Examination of Witness (Questions 60 - 79)

TUESDAY 10 MARCH 1998

SIR DAVID RAMSBOTHAM

  60. As I understand it, the sentence plan, which is supposed to be done very soon after someone is convicted, is meant to lay down a programme where these issues are theoretically addressed in a progressive way as the prisoner moves through the prison system.

  (Sir David Ramsbotham) Correct.

  61. We could take your man of 57 addresses doing that particular sentence, it is just not going to happen, is it?

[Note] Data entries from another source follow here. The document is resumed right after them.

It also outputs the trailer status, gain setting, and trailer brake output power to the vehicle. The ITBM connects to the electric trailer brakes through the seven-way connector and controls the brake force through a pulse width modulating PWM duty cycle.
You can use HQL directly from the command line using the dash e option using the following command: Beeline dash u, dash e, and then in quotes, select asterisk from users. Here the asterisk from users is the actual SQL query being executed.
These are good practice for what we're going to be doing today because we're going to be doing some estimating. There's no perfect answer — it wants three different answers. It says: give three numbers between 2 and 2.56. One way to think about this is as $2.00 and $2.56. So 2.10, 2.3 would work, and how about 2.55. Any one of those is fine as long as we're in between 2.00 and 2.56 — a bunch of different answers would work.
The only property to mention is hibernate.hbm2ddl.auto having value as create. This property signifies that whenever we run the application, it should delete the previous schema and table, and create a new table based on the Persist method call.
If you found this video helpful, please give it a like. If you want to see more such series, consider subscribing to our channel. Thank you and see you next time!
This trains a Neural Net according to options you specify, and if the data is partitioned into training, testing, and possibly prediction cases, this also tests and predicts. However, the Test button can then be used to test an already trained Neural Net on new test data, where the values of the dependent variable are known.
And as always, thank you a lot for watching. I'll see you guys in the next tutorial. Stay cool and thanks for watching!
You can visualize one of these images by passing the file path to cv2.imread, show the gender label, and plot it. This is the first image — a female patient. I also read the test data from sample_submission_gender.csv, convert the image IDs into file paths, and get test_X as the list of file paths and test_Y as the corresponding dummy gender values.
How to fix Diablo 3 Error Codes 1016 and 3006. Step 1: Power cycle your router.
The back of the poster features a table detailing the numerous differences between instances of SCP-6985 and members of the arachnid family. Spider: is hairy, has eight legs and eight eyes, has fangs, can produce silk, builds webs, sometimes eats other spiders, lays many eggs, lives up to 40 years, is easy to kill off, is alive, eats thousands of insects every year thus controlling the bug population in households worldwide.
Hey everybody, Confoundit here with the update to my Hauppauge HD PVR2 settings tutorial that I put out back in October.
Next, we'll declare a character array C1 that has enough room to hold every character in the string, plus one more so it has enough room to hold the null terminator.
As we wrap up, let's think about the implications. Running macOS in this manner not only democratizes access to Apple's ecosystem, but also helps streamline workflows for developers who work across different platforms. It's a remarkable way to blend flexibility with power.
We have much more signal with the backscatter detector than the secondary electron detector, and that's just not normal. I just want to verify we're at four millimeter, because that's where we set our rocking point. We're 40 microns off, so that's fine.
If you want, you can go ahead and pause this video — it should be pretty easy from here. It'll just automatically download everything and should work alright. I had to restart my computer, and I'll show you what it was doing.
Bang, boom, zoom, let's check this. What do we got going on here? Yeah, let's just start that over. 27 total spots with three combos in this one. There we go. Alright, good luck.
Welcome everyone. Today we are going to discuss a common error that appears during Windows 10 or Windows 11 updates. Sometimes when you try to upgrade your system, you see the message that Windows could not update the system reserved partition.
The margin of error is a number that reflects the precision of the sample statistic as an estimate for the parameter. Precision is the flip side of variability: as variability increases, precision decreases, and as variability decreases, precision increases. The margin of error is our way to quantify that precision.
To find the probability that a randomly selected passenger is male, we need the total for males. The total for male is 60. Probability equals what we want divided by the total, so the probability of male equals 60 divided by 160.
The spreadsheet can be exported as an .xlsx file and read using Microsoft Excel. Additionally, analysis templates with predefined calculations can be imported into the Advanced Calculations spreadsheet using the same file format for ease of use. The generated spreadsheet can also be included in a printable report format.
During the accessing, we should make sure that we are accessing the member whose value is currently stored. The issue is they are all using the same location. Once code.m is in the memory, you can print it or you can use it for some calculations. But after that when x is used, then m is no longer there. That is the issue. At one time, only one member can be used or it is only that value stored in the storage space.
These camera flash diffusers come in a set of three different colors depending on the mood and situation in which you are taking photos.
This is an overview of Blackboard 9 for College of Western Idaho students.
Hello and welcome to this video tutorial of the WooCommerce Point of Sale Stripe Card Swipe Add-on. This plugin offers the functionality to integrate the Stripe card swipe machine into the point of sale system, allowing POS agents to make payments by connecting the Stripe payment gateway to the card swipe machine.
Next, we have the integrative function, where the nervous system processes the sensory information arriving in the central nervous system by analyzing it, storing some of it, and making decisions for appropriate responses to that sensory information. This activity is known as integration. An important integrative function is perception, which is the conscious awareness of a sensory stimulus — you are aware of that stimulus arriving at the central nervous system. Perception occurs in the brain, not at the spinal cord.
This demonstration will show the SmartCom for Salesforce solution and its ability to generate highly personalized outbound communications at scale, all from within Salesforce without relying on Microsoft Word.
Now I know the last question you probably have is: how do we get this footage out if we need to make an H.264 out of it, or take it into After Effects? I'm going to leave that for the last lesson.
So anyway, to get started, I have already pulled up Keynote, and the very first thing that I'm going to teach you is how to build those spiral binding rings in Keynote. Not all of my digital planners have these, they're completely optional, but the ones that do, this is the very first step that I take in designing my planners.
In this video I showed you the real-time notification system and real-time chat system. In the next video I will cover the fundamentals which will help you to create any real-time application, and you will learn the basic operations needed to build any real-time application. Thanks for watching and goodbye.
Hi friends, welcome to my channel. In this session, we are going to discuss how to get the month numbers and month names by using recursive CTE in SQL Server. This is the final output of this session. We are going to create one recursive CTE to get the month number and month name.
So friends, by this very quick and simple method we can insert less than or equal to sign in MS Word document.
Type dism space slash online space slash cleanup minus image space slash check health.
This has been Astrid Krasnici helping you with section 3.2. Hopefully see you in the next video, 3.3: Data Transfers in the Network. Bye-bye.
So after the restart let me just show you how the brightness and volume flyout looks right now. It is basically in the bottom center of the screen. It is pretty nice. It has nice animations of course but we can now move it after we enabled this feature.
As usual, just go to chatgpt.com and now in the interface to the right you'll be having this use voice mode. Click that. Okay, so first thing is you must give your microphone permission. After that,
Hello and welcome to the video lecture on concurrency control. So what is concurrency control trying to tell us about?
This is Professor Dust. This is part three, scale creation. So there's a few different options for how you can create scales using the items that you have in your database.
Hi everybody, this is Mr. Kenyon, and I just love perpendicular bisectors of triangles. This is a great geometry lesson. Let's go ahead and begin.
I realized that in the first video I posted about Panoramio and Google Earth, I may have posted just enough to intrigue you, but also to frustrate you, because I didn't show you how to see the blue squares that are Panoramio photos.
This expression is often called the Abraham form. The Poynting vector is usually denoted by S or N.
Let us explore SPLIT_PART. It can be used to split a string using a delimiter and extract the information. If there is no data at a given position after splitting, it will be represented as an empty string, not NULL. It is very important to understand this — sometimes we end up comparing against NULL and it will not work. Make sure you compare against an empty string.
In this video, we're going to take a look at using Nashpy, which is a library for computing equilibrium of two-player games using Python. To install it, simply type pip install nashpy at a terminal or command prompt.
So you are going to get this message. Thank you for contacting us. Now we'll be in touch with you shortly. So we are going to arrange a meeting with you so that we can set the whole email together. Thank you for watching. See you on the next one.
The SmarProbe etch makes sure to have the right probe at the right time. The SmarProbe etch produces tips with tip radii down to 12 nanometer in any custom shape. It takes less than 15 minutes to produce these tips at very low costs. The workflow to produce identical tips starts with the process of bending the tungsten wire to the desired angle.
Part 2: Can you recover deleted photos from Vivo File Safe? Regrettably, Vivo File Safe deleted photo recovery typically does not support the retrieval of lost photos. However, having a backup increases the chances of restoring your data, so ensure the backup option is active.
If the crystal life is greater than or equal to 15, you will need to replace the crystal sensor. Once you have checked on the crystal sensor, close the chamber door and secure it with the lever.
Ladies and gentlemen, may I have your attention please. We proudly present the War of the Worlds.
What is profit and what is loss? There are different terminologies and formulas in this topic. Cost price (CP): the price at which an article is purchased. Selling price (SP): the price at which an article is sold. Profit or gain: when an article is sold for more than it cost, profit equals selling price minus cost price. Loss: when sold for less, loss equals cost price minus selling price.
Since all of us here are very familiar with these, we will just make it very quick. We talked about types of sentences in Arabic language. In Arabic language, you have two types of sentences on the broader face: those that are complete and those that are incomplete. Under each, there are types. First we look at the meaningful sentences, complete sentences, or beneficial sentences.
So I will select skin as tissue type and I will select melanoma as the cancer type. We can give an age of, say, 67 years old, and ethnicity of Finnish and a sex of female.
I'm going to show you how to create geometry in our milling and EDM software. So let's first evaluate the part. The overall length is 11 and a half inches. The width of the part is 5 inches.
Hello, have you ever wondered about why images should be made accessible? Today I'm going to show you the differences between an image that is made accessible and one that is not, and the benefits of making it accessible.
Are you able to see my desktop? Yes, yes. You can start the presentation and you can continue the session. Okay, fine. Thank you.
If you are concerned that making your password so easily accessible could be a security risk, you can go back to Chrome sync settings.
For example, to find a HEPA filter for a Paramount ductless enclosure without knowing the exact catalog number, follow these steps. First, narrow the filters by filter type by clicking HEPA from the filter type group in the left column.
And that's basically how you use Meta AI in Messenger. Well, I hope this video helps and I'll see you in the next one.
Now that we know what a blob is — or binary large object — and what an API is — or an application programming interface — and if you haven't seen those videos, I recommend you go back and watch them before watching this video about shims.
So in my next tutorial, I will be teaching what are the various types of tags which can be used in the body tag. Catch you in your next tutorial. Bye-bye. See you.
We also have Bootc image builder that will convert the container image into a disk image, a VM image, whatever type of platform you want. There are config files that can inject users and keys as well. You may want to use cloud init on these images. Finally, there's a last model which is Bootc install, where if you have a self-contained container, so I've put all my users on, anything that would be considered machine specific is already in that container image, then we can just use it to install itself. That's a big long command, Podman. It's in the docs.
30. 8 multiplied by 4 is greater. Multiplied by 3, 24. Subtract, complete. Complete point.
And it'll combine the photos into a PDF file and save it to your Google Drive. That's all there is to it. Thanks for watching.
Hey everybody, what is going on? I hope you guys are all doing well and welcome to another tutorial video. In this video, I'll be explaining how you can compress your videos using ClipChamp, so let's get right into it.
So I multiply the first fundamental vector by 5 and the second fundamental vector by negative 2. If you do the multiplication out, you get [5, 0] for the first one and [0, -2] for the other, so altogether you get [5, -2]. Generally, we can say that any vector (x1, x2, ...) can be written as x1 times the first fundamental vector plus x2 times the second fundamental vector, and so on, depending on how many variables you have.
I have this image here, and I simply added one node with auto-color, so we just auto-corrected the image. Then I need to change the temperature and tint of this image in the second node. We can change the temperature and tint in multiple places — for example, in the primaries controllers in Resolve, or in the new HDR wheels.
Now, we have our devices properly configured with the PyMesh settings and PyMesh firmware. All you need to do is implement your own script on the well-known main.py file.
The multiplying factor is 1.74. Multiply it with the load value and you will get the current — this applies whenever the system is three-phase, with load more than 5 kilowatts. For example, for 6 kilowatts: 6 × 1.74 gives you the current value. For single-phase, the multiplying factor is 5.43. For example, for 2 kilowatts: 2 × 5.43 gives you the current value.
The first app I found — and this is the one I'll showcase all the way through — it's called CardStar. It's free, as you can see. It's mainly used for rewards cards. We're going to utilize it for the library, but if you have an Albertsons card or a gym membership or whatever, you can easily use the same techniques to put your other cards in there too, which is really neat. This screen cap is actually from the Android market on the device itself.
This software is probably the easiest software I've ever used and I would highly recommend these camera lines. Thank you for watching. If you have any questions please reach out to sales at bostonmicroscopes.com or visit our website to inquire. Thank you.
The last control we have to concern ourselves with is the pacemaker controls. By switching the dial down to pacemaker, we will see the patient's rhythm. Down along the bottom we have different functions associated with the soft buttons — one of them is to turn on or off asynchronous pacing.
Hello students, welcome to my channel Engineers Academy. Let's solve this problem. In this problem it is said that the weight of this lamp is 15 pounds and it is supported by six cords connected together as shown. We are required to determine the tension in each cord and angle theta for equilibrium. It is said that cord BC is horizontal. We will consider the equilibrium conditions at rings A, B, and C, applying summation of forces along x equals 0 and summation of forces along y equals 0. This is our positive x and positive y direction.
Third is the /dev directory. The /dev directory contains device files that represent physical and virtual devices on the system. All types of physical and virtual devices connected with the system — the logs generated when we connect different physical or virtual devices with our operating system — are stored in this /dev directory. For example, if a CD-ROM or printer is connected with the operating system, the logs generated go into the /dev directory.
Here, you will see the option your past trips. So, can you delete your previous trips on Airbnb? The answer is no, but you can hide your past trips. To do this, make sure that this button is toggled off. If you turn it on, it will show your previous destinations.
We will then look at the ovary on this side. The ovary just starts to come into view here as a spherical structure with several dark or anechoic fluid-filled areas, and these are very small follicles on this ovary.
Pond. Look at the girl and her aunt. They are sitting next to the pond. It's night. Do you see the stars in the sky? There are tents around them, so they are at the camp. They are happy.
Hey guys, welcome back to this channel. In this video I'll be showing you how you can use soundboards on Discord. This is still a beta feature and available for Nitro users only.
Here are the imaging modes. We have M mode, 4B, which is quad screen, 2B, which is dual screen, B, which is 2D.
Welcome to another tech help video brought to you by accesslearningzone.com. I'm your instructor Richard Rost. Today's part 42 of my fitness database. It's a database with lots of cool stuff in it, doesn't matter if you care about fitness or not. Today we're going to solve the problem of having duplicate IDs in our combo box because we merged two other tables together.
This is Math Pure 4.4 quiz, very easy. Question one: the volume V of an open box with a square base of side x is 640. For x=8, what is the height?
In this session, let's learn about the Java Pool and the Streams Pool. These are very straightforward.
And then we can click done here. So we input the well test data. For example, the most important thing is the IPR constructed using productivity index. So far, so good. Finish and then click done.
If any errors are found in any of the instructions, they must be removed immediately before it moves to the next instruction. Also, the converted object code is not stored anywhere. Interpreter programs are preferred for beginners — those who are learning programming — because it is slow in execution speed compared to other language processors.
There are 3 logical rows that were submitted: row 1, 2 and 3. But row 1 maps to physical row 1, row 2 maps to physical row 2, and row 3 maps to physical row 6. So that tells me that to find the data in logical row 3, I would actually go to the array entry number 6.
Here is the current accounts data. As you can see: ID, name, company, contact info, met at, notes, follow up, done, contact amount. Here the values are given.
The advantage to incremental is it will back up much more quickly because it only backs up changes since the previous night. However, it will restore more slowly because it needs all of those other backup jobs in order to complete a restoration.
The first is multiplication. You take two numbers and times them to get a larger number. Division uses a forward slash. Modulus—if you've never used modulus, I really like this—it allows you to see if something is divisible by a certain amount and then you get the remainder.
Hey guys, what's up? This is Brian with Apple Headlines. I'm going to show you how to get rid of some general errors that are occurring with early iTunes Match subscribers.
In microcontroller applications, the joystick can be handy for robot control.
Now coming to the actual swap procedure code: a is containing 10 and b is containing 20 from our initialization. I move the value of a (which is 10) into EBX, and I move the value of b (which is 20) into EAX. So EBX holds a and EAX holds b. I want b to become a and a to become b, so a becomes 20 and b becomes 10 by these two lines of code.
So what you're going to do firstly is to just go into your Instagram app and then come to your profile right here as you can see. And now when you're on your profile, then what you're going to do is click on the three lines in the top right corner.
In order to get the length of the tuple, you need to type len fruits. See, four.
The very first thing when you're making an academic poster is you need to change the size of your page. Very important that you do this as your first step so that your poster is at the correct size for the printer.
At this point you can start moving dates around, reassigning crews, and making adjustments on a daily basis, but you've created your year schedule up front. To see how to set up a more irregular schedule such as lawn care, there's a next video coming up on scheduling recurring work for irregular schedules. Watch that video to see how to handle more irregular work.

  (Sir David Ramsbotham) No. The Prison Service have designed a new sentence planning programme, which they introduced on 1st April last year which I hope will go some way towards doing this. They have realised that it is haphazard, there was a lot of stuff done on the back of a fag packet here and not passed to somewhere else. It is all very well to design a sentence plan in a prison, what is not there at the moment is the machinery to pick a person up and say, "You ought to go to there." What actually happens far too often is the person works his way up the incentives and earned privileges scheme to enhanced standard, then they say, "He ought to move on now", and they will ring up their mate in another prison and say, "Hey, will you take so-and-so", and he says, "Yes, okay, but you take so-and-so", and it is done by horse trading. It is not done in a progressive way relating to the prisoner. This is what I shall be highlighting in the study on lifers, by drawing attention to that and drawing attention to the need for the Prison Service to be much more constructive and look at passing people through the system.

  62. Is it your impression there are enough resources devoted to this work on minimising reoffending?

  (Sir David Ramsbotham) The trouble is that the resources are not properly directed in that line. I do not think it is shortage of resources to do this, it is just shortage of good management practice, frankly.

  63. You have mentioned in passing, and indeed we have had some experience of this in work the Probation Service have done, some first-class schemes, including a very imaginative one we saw in Manchester—

  (Sir David Ramsbotham) It is a very good area.

  64.—a one-to-one programme dealing with young arsonists who can put a match to a school and leave a bill of £2 million or whatever, so it is fairly serious stuff. Do you know how best practice gets around this system, or does it not?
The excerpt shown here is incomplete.